__Problem__: Your answer must consist solely of the lines from the one containing "TOYOTA LAND CRUSER ダイキャストカー" through the last line of the records below, reproduced exactly, with all pictures omitted.
[Start of section]
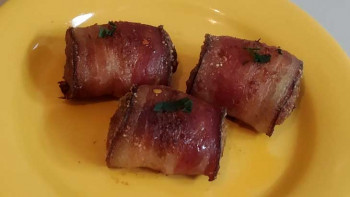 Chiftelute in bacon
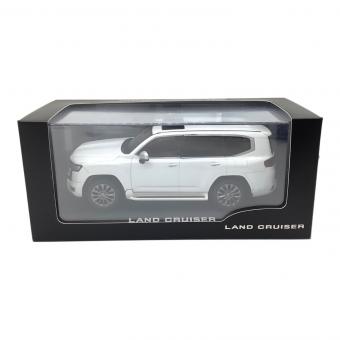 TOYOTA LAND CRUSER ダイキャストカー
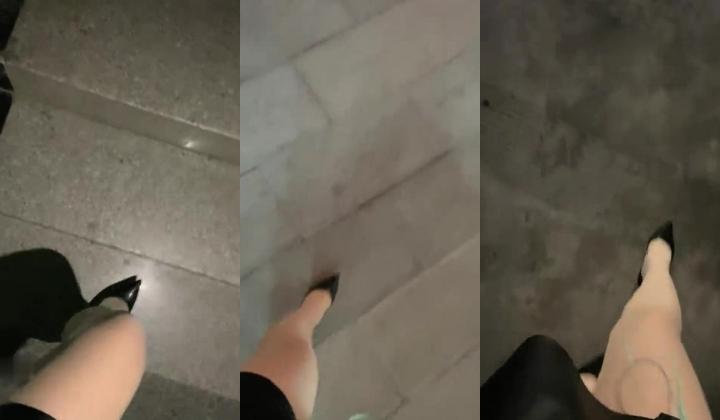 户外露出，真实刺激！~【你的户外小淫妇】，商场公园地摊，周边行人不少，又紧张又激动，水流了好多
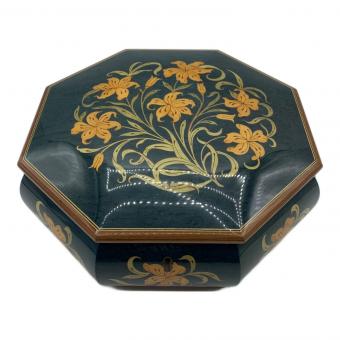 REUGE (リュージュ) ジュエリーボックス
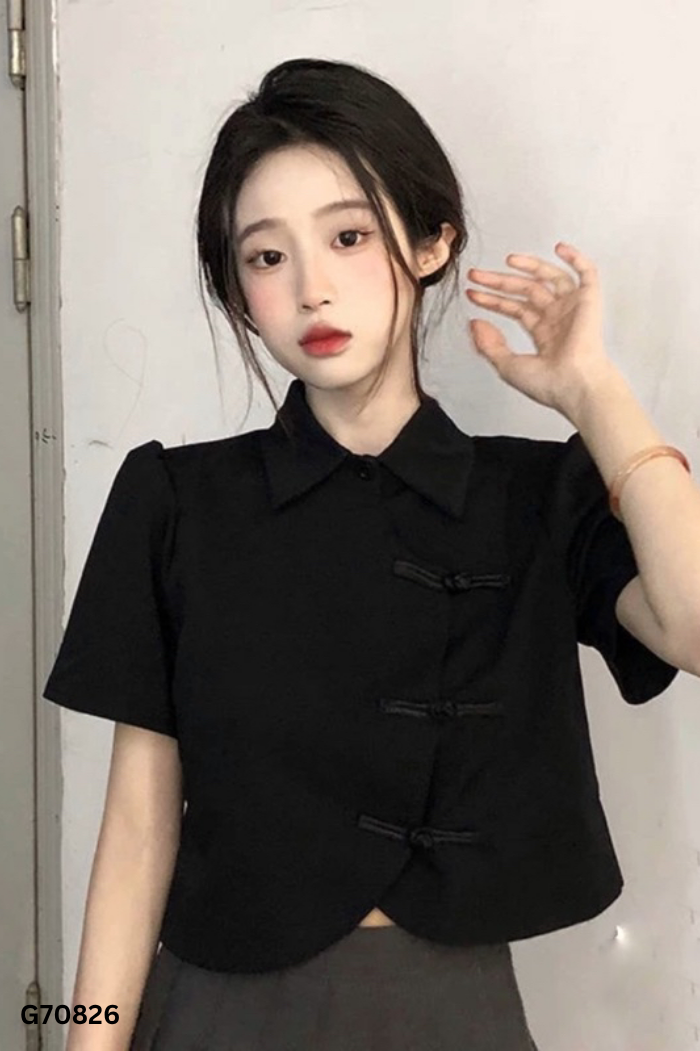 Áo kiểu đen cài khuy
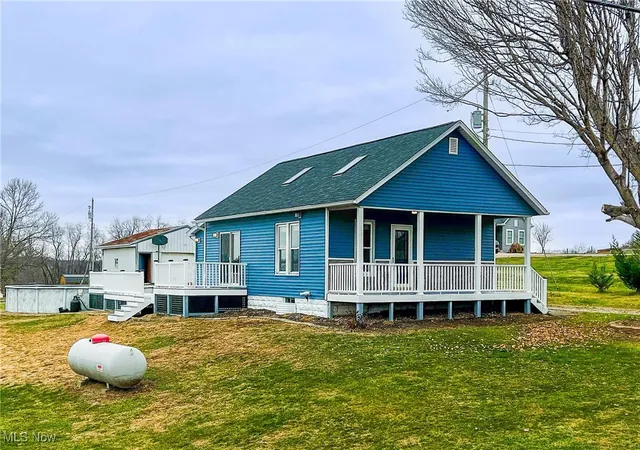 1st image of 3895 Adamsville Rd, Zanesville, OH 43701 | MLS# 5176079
[End of section]
__Solution to this exercise__:
 TOYOTA LAND CRUSER ダイキャストカー
 户外露出，真实刺激！~【你的户外小淫妇】，商场公园地摊，周边行人不少，又紧张又激动，水流了好多
 REUGE (リュージュ) ジュエリーボックス
 Áo kiểu đen cài khuy
 1st image of 3895 Adamsville Rd, Zanesville, OH 43701 | MLS# 5176079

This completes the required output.